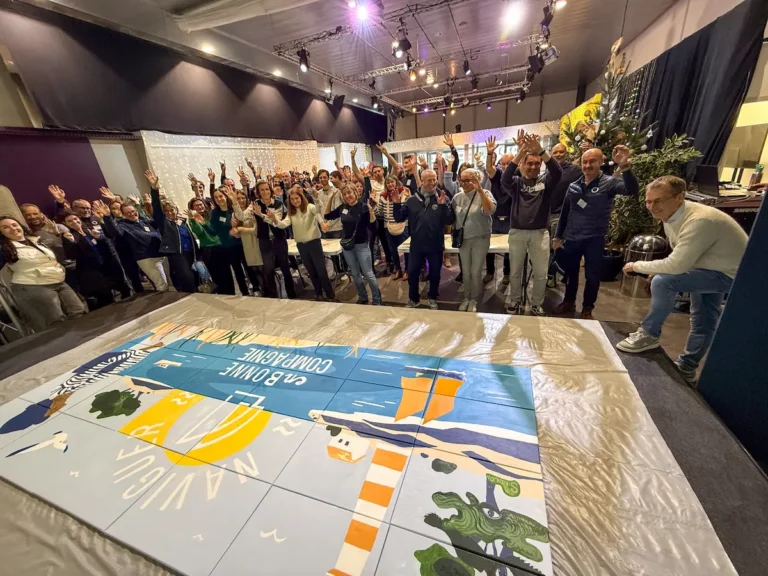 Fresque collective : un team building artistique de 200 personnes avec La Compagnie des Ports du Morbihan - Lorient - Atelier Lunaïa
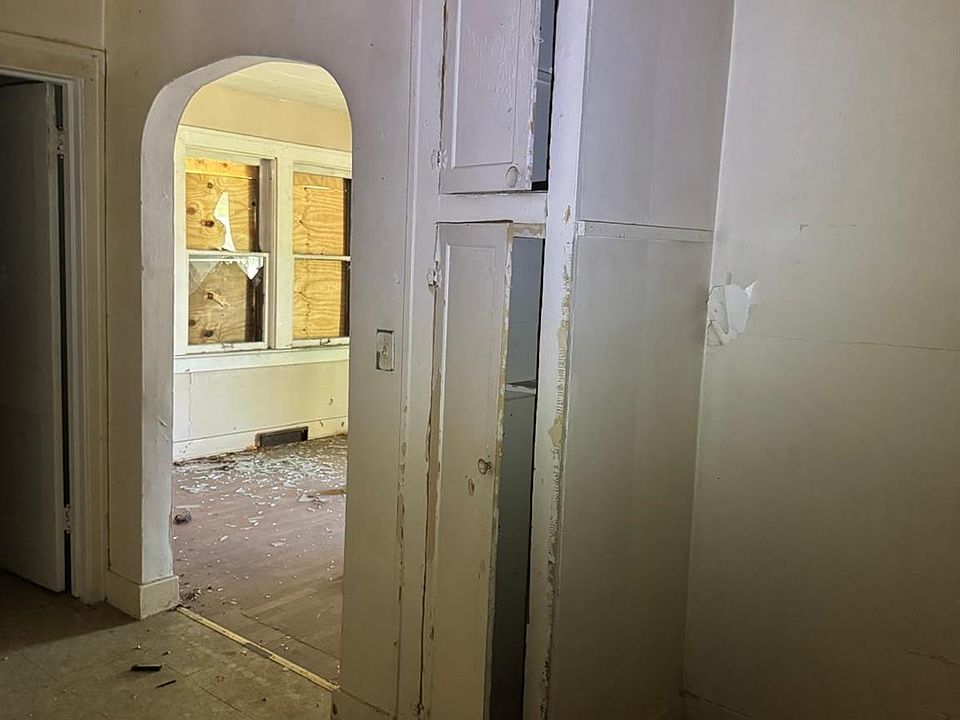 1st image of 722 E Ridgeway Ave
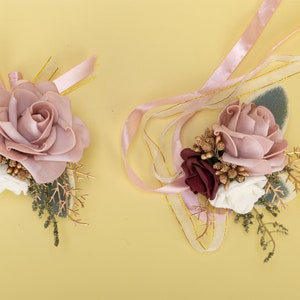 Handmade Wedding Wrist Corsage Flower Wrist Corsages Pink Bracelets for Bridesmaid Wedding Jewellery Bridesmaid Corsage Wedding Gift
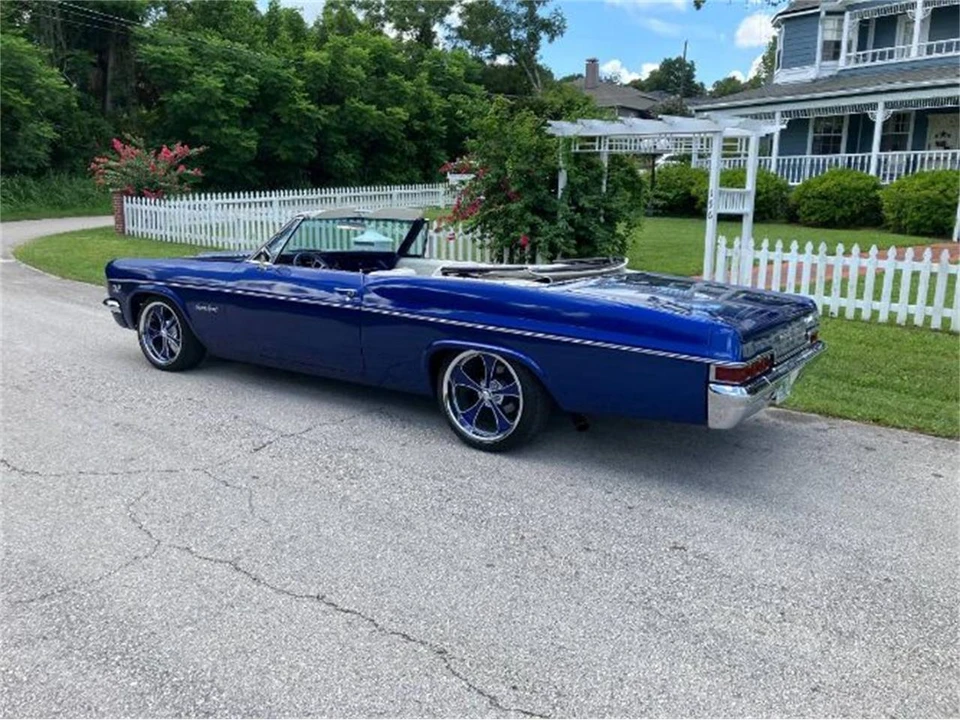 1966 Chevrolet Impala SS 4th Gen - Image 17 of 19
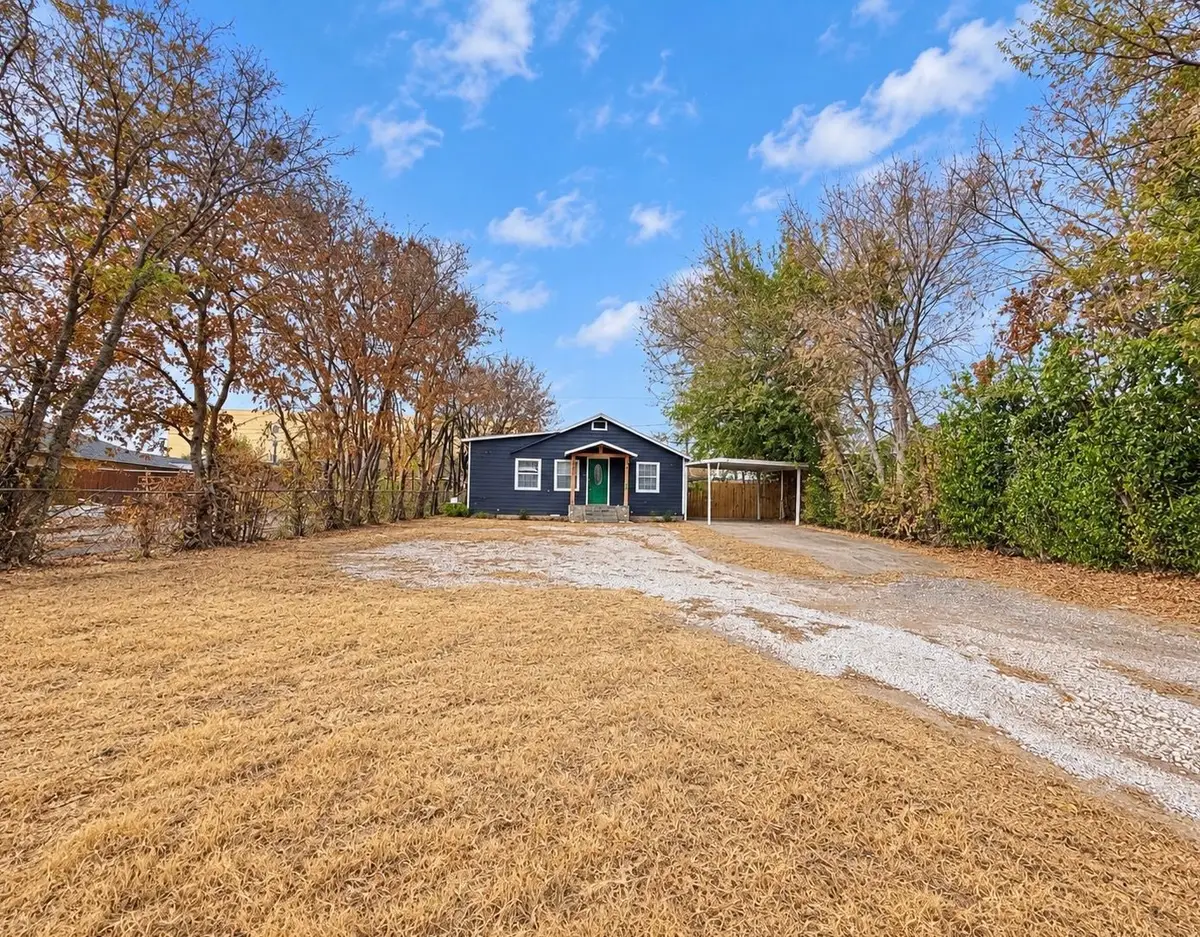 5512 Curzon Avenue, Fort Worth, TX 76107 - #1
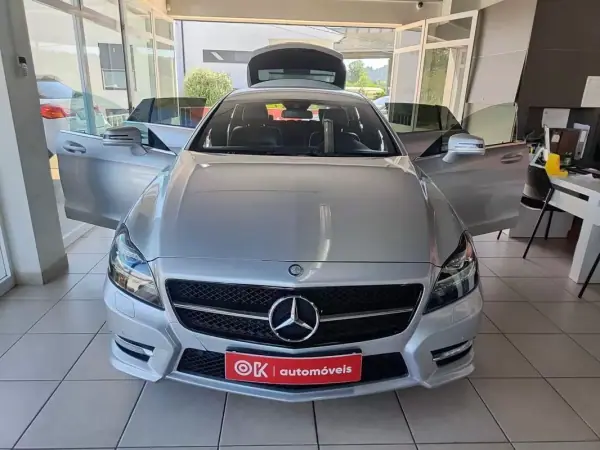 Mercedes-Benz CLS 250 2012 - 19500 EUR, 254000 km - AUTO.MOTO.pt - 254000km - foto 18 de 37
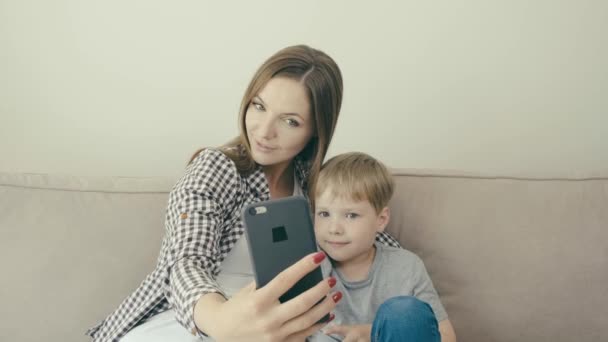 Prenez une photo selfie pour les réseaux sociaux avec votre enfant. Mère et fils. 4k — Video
........
From the line containing "Handmade Wedding Wrist" to the final line of the entries, both included, transcribe every line exactly, omit the pictures, and add nothing more.

▸ **Task result**:
 Handmade Wedding Wrist Corsage Flower Wrist Corsages Pink Bracelets for Bridesmaid Wedding Jewellery Bridesmaid Corsage Wedding Gift
 1966 Chevrolet Impala SS 4th Gen - Image 17 of 19
 5512 Curzon Avenue, Fort Worth, TX 76107 - #1
 Mercedes-Benz CLS 250 2012 - 19500 EUR, 254000 km - AUTO.MOTO.pt - 254000km - foto 18 de 37
 Prenez une photo selfie pour les réseaux sociaux avec votre enfant. Mère et fils. 4k — Video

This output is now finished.